Let $n \in \mathbb{N}$, $M$ be a set and let $\mathcal{A} = \{(\varphi_a, U_a)\}_{a \in \mathcal{A}}$ be a system of tuples so that:
$U_{a} \subseteq \mathbb{R}^n$ is open for all $a$;
$\varphi_a: U_a \to M$ is injective for all $a$, with image denoted $V_a$;
$\varphi_a^{-1} \circ \varphi_b: \varphi_b^{-1}(V_a \cap V_b) \to \varphi_a^{-1}(V_a \cap V_b)$ is a homeomorphism for all $(a, b)$.
Question: Can we in general conclude that there is a topology on $M$ so that $V_a$ is open in $M$ and $\varphi_a: U_a \to V_a$ is a homeomorphism for all $a$?

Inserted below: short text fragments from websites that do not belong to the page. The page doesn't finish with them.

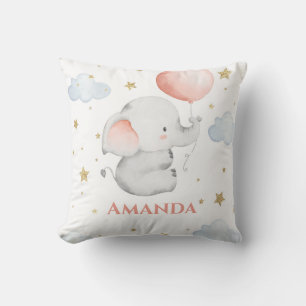 Coussin Nursery Eléphant Personnalisée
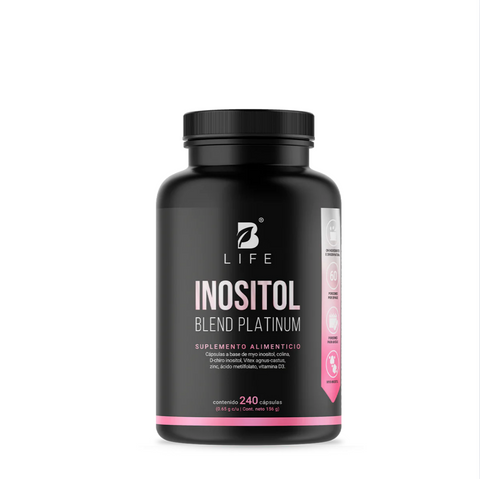 Inositol Blend Platinum  Mezcla de Myo inositol, Colina, Ácido metilfolato y Otros | Blife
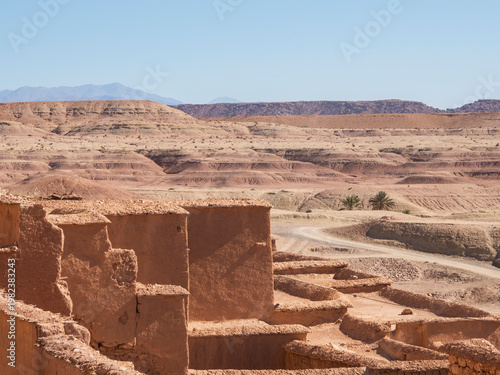The fortress Ait Ben Haddou, ksar , the ancient fortress is the Unesco heritage site, Morocco.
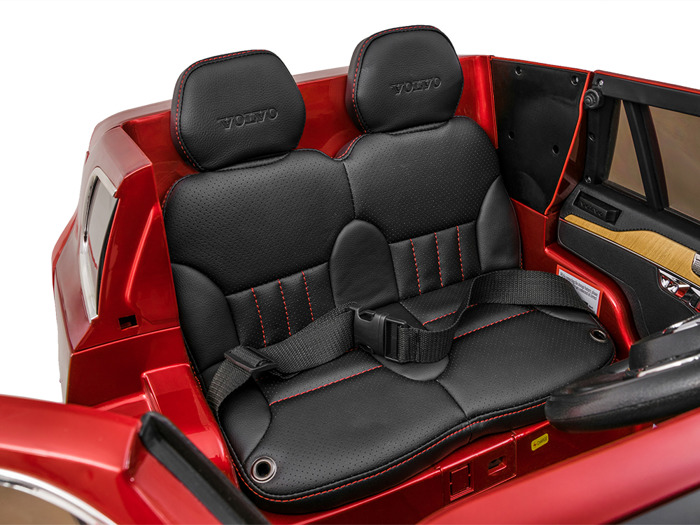 JOKO Elektrické autíčko Volvo XC90, Lakované, penové kolesá, kožené sedadlo, FM rádio, čierne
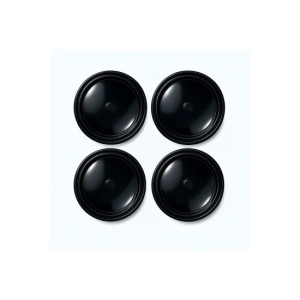 Set capace centrale jante auto 77 mm negre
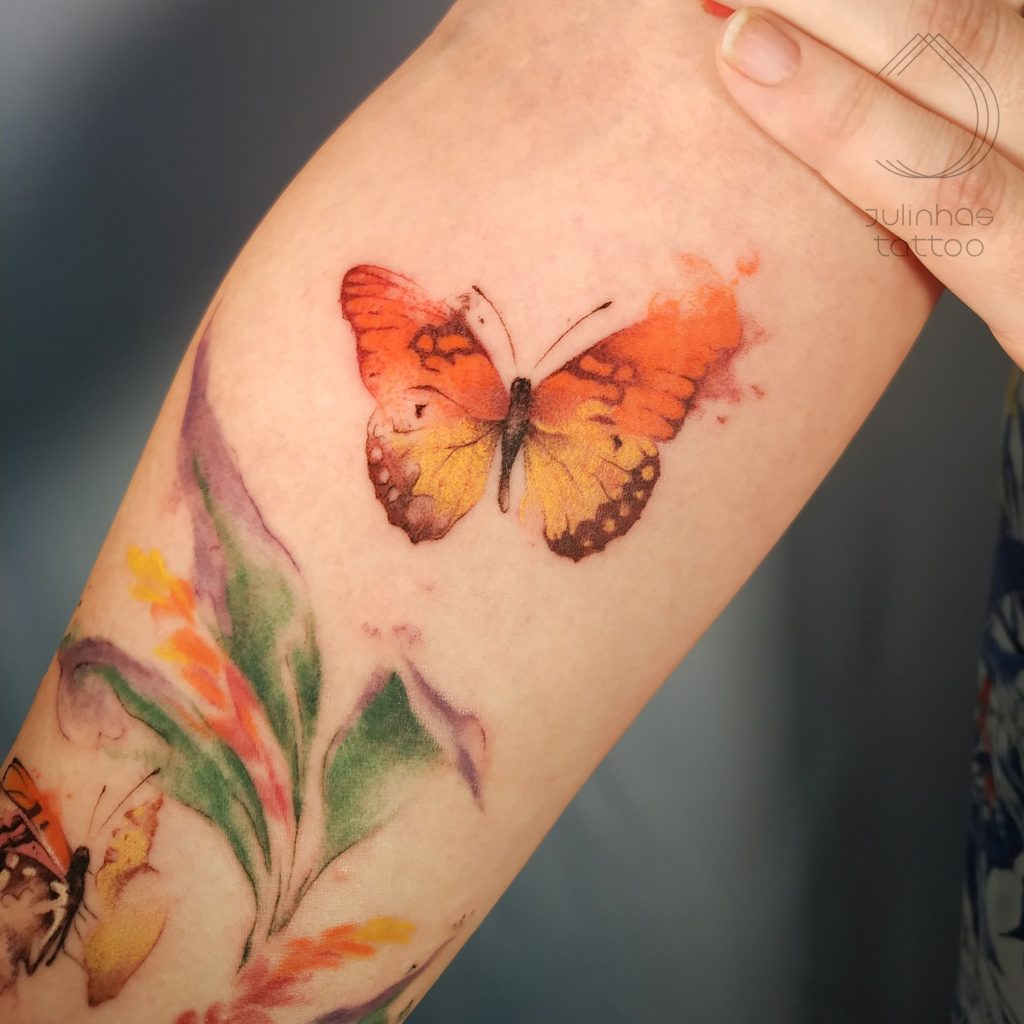 Foto de tatuagem feita por Ju Linhas (@ju.linhas)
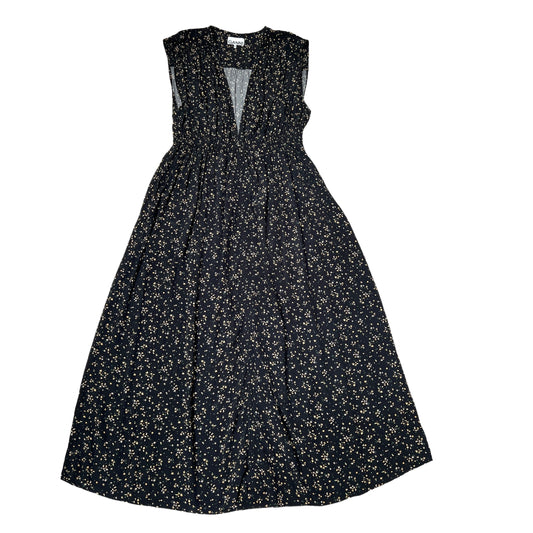 Black Floral Dress - L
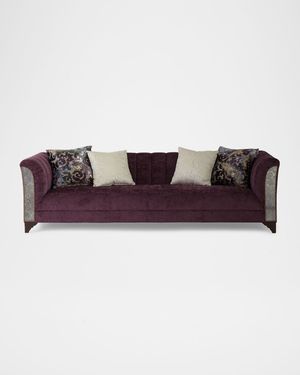 Bethany Channel Tufted Sofa 109"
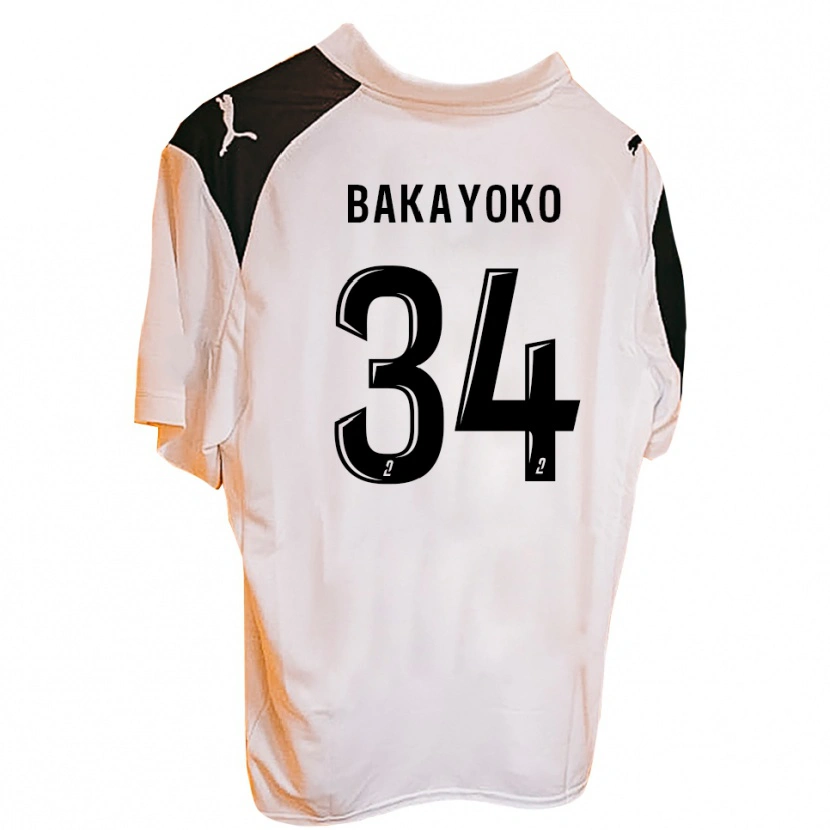 Danxen Kvinder Siaka Bakayoko #34 Sort Hvid Hjemmebane Spillertrøjer 2025/26 Trøje T-Shirt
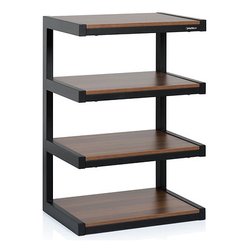 Mobile HI FI ESSE HiFi Walnut e Black (60cm) NORESSHIFWN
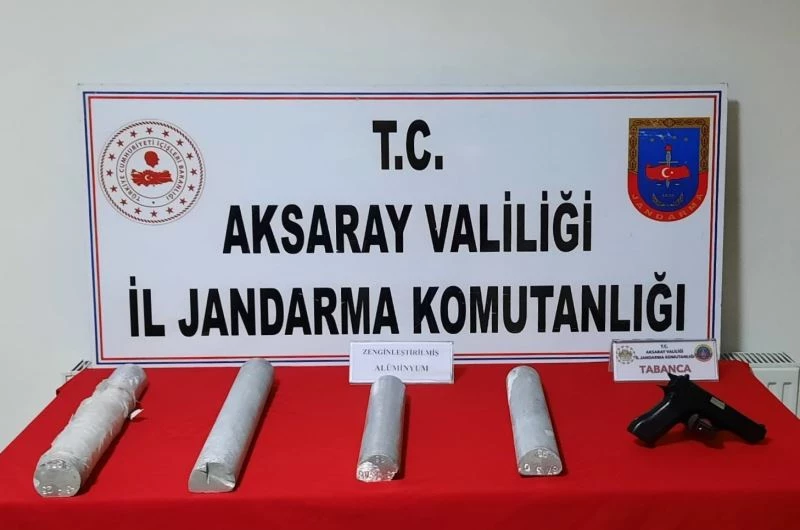 Aksaray jandarmadan 40 milyonluk “saf alüminyum” kaçakçılığı operasyonu
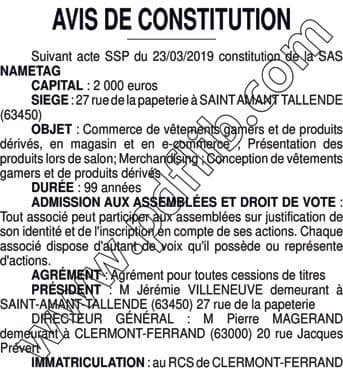 Contenu publication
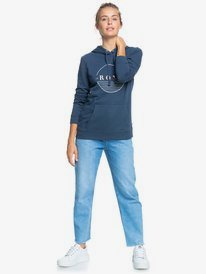 3 Day Breaks - Organic Hoodie for Women Blue ERJFT04379 Roxy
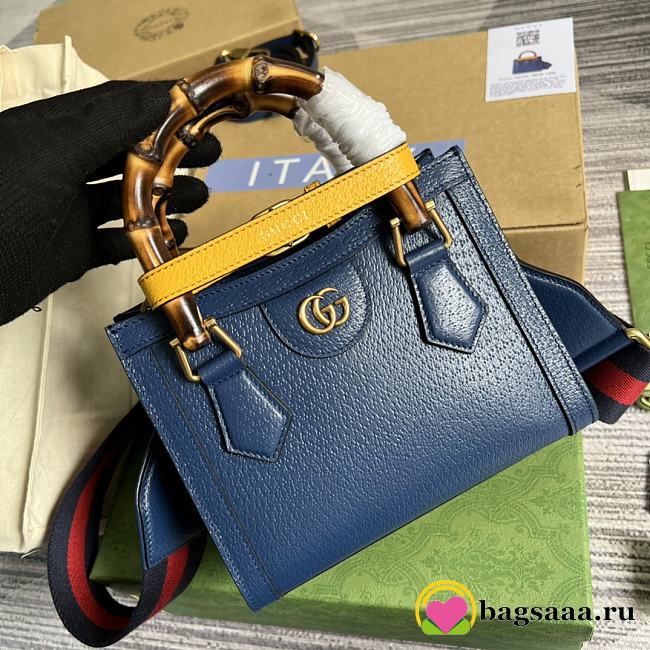 Bagsaaa Gucci Diana GG tote bag blue - 20*16*10cm - 1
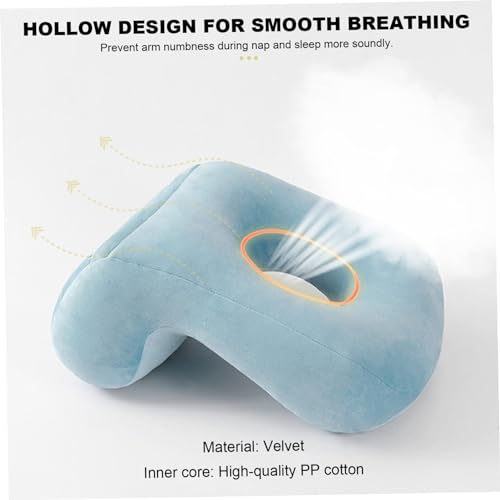 Oreiller face vers le bas anti douleurs cervicales pour dormir sur table - 4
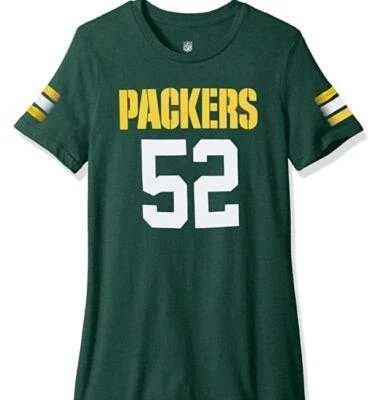 NFL Niñas Arcilla Matthews Green Bay Packers Rayas Principales Cuello en V, Grande/14 Foto 1 de 3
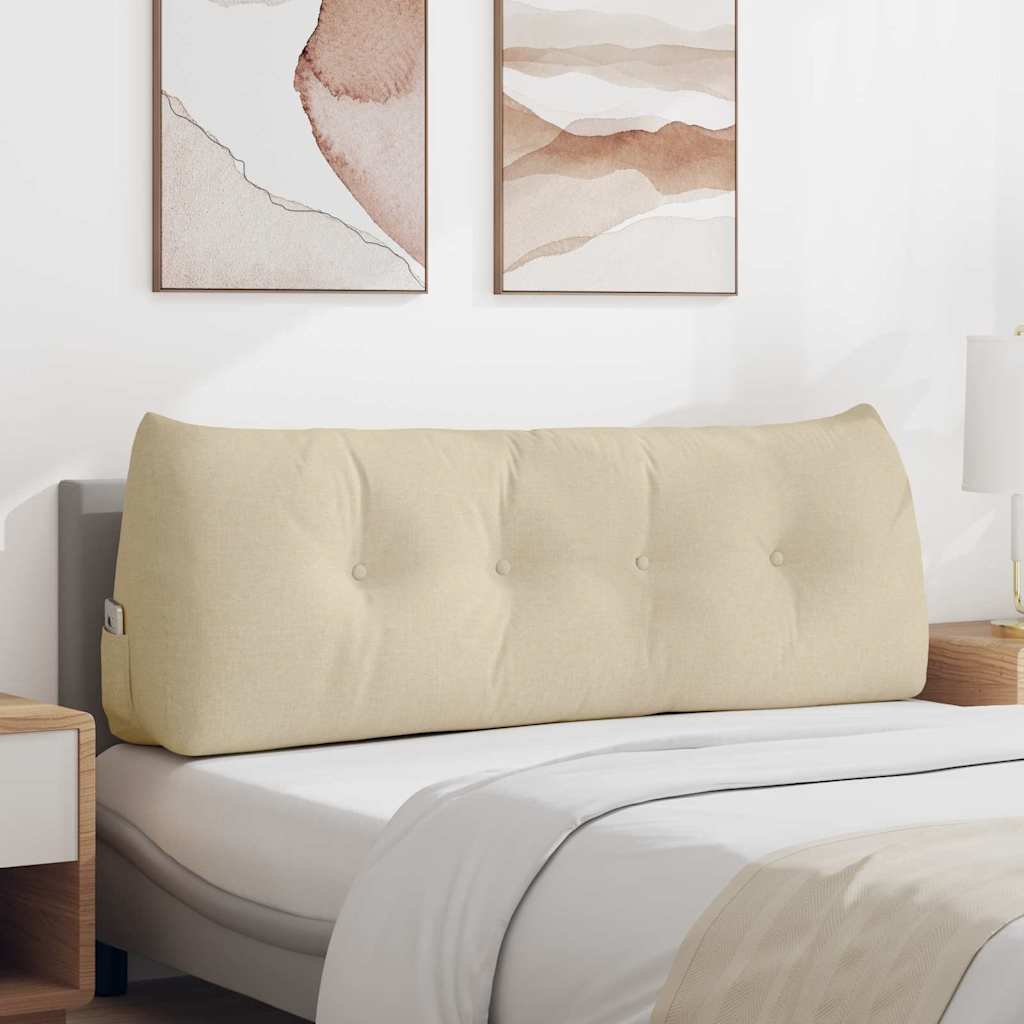 Perna pentru spate Crem 140 x 24 x 50 cm țesătură GartenMobel Dekor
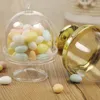 Conteneurs de stockage d'économiseurs d'aliments Boîte à bonbons en plastique transparent Mini support à gâteau Boîte à cupcakes Fête de faveur de mariage Baby Shower Décoration d'anniversaire Cadeau pour enfants 230621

My attempts: I wanted to define $U$ to be open in $M$ if and only if $\varphi_a^{-1}(U \cap V_a)$ is open in $U_a$ for all $a$. Clearly this is a topology and also every $\varphi_a$ is continuous (regardless if we see it as a map to $V_a$ or M). But I have problems with the rest.
For example: Why is $V_a$ open in $M$? Is there anything which tells us that $\varphi_b^{-1}(V_a \cap V_b)$ is open in $U_b$ for all $b$?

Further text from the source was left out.